I hear the adages already: “if the UAE market is X, then Saudi Arabia is 2x, Egypt is another X, the rest of the GCC yet another X and put it all together, the 5x amounts to another India.”

These entrepreneurs all have strong back offices (and front offices in some cases) in India. But they have grown beyond the “India is my only market” mantra and are looking to solve real problems in other geographies as well. Some have set up branches. Others have moved their head offices out of India.

When Indian services firms once went blindly to Singapore and the US to set up offices, Indian product firms are now seeing these geographically closer markets as easier to crack. It certainly does help that you can sell in the Gulf Cooperation Council (GCC) region at more than twice the price you do in India and not have to pay taxes on it.

It is not just the UAE that is seeing this new diaspora. I have bumped into founders on the streets of Amsterdam, looking to grow their businesses on the continent after the UK painted itself into a corner with Brexit. A few others are domiciling their firms and their families in Portugal, inspired no doubt by their liberal residence visa regimen.

It is the 2020s-edition Indian entrepreneurs that I call the “ex of India”. They are the people who do not think that their business is just limited to the Indian market. And, they have their reasons to feel so. Some think that India is becoming more of a centrally controlled economy, like China, and talk of what befalls Chinese entrepreneurs when they get too big there—like the tall poppy syndrome that happened to Jack Ma. These entrepreneurs seek to broad-base themselves, like CZ of Binance.

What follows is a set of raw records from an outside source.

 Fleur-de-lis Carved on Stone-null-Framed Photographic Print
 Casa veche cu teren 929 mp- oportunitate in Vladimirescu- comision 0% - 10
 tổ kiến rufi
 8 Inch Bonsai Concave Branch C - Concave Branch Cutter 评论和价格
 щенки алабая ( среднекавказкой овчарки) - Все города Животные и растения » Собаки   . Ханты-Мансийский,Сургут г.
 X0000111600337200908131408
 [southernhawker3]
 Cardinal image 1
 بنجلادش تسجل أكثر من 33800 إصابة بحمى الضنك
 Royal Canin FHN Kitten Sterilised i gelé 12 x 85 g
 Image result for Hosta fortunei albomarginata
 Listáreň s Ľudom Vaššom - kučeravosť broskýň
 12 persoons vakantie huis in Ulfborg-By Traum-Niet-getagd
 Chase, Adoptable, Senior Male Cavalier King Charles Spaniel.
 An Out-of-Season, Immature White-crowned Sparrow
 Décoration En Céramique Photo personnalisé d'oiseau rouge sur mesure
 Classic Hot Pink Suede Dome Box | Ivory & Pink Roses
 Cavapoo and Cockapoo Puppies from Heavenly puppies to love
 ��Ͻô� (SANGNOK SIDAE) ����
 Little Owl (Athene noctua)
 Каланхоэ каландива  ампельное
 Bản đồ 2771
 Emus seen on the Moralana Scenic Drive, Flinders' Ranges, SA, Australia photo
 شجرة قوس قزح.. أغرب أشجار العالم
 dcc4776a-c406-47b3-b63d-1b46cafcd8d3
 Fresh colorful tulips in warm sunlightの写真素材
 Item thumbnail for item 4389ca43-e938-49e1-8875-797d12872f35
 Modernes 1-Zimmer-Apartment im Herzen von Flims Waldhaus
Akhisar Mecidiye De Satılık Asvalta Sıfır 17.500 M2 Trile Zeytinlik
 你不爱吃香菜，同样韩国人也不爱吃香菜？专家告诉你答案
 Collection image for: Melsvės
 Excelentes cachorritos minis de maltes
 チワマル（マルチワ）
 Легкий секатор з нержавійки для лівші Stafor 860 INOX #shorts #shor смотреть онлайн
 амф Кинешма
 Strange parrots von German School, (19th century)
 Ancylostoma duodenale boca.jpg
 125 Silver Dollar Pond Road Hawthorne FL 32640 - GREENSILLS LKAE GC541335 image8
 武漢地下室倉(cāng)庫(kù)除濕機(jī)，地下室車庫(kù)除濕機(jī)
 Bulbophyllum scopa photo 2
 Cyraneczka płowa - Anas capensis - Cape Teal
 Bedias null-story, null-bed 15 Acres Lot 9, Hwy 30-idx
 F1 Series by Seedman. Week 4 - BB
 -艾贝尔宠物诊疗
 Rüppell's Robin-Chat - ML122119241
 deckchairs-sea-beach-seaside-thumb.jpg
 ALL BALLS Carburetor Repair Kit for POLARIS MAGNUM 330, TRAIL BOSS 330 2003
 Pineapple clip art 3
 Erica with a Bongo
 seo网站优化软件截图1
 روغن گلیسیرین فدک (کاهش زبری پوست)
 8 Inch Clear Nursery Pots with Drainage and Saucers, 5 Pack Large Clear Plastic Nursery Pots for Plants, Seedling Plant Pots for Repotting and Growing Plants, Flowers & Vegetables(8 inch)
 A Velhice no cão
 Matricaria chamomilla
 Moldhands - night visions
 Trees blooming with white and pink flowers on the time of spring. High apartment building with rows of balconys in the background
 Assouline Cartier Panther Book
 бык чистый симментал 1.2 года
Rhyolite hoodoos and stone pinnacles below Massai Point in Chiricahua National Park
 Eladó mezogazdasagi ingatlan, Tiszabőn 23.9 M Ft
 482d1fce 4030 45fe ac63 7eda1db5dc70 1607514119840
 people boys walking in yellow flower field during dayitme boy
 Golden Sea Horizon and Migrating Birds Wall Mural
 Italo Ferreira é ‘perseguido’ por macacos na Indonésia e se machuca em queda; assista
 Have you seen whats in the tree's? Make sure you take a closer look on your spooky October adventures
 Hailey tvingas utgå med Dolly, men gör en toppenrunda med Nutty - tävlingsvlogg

Some others believe India is a great back office for their product offerings while the front office and customers should be where currencies are stronger—think of Zoho’s earnings in dollars versus what it earns in rupees.

Yet some more are simply explorers on the frontier, sniffing out opportunities and then using their formidable back-office strength from India to create a globally competitive offering. They could be the next F.C. Kohli from the next TCS.

They are the trailblazers, and they are inspiring many to follow in their footsteps. The other day, I heard someone being referred to as the Zomato of Saudi Arabia, and it felt good to hear that.

In sociological terms, a generation is a period of 20 to 30 years. If the spark that set off the Indian tech entrepreneur revolution was Sabeer Bhatia selling Hotmail to Microsoft in 1997, now 25 years later, we are bang in the next generation of entrepreneurs.

We have come from the copycats to the cats who are being copied. And, it is all good.

There is no longer one formula that defines the Indian tech entrepreneur. There are folks going deeper into the riches of B, C and D towns in India and others finding markets outside the shores.

While the last 25 years have been exciting, and we have seen the rise of superstar Indian entrepreneurs, the next 25 years will see the rise of superstar global entrepreneurs who would have started from India.

I look forward to writing the sequel to this piece then!